Thursday, September 9, 2010

Living with Danger

Whatever that little bug is, it decided to tempt fate a bit on Tuesday afternoon. Flying within inches of a perched Western Kingbird would seem to be a life expectancy limiting move on its part. So did the bug decide to high-tail it out of there, nope.....

It went in for a closer look. Gutsy, and for whatever reason that particular Western Kingbird was content to watch rather than reaching out for an easy snack.
Tuesday was particularly smokey, on that day the fire was still generating a billowing cloud of smoke. The inversion had lifted shortly before, and as I stopped by Singletree Trail the fire bombers began a constant rotation overhead. The day offered a great collection of kingbirds, mostly in the form of a group of Eastern Kingbirds, which seemed to have flocked for migration. Just watching them repeat their aerobatics again and again was a boost for the day, but on my way back I had another surprise.

A tiny bird popped out of the undergrowth at my feet. I sent the following to the COBirds mailing list, because after checking my resources I wasn't sure if a Winter Wren should be expected in Colorado at this time of year:

"...if anyone could advise me on whether a Winter Wren has any degree of likelihood in Colorado in the first week of September, I would appreciate it. This afternoon at apx. 2:30 pm I was walking along the Singletree trail just SW of old Superior. From the trailhead heading west there is a good stretch of heavy brush on the right (north) side, then an old tailing hill, and immediately to the west a group of large cottonwoods. I was directly under those trees shooting photos of some Towhees and Doves out in the distance when I heard a rustling in the low groundcover at my feet. My impression was 100% mouse - it was making small moves out of sight, in thick vegetation 4-6 inches high, but its progress could be perceived as it moved around. I was completely surprised when a tiny Wren popped out almost at my feet. I didn't even attempt a photo, my lens was extended and focused way beyond something that close, and motion would have sent it back to cover even faster. I had 2-3 long seconds as it turned at my feet. My impression was an overall chocolate brown bird, with very limited markings. It gave a couple of short, exposed hopping moves at my feet, flew a short distance to the fallen trunk, and then dove to the larger shrubs beyond. It did not reemerge, and I did not pick up any notes or calls, (but fire bombers are flying directly over the site repeatedly this afternoon). There is a dried creekbed to the north, but I am not aware of any open water near the site. "

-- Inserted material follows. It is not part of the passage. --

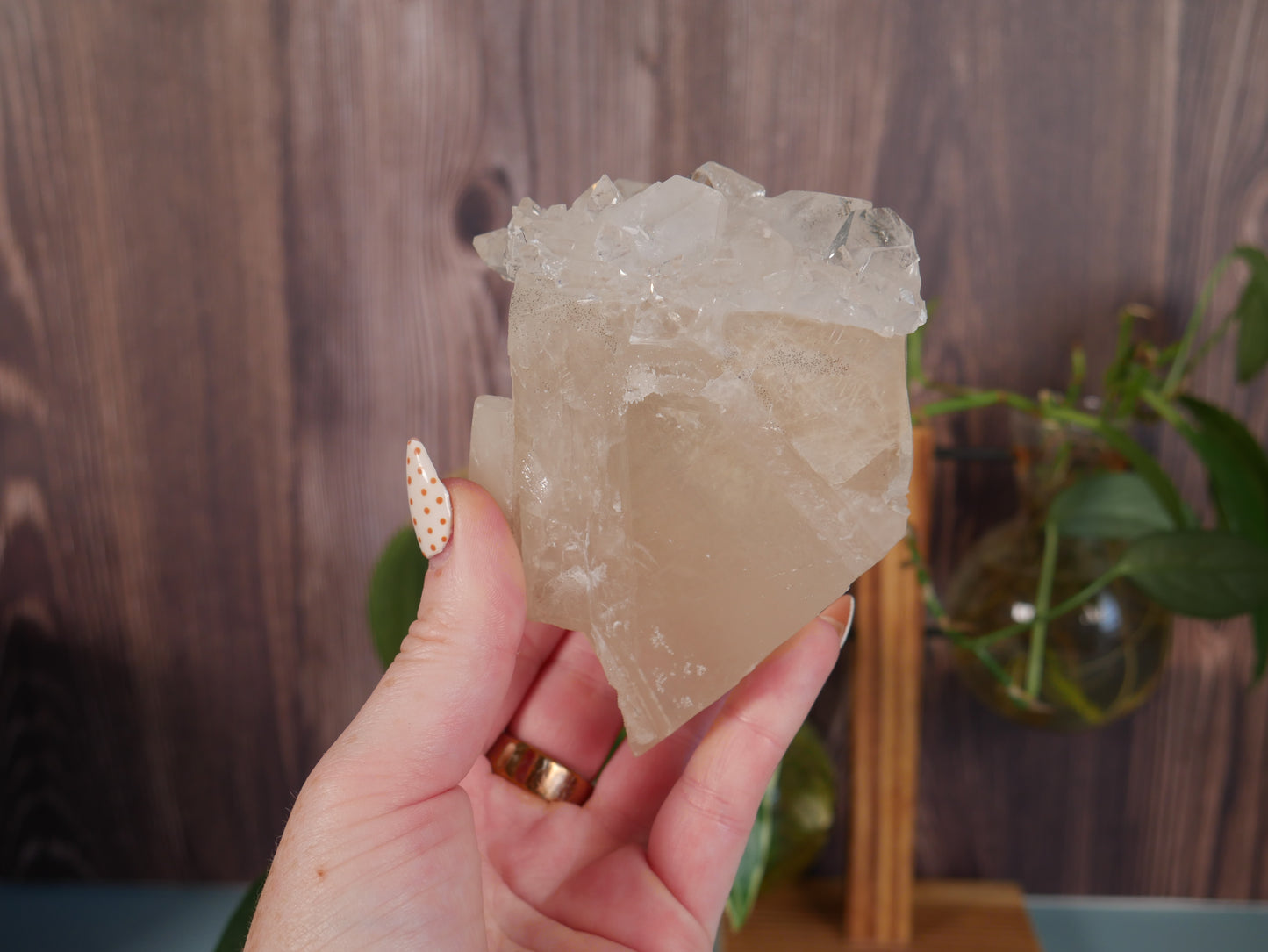 Apophyllite-Coated Calcite Cake Slice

I did return to the site that evening and the following morning, but never heard a call, or saw the bird again. I did receive several responses confirming that Winter Wrens were seen in Colorado in Sepetmeber, and that the species fit the description. I had hoped to get a chance to photograph that bird to share, but guess I will have to continue to watch for it. Instead, how about a pair of Eastern Kingbirds?

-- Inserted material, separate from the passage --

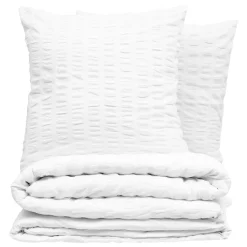 ATMOSPHERA Housse de couette et deux taies polycoton (240 x 220 cm) Irhia he Blanc Clearance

Finally a recognition out to all the firefighting resources that are working on the Four Mile Canyon fire outside Boulder. The fire has made the national news cycles, so the details are well known, but despite remaining stationary through a pair of calm days the weather is supposed to turn dry, clear and windy - and so the situation may be about to get worse. So far the Betasso Preserve has been just outside the burn area, to the SE, and based on the reports that is the area where some degree of containment has been achieved. However the forecast wind is supposed to be coming in out of the N - NW, so it could be gone quickly. Any direction the fire moves will be bad though, and this is already being called the worst fire in Colorado's history.

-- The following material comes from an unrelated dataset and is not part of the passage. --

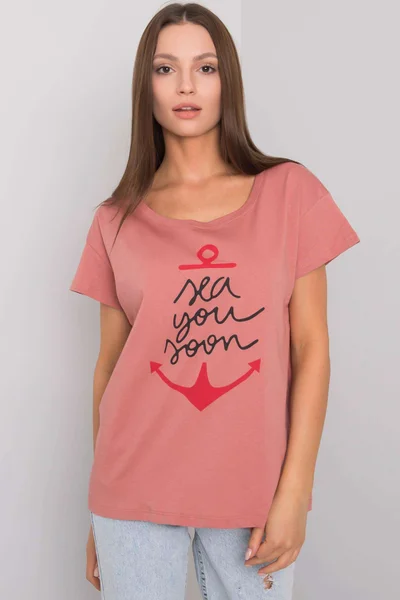 Dámské pudrově růžové tričko s nápisem FPrice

I guess in life we are all a bit like the bug. The residents in the foothills of Boulder County trade an ever present risk of fire for the chance to build a home in truly beautiful country. Some, like the bug may luck out and find that the fire has spared their homes by mere inches, while others will have lost everything and have to start anew. Fortunately, all that has been lost so far is replaceable - lets hope that all those working in and around the fire zone remain safe and keep it that way.

2010 Count: 197
Lifetime: 242

1 comment:

  1. That third shot is wonderful!

    I'm sorry for those folks near Boulder and I join you in the hope that everyone remains safe. I am a firefighter myself and understand what that fire must be like.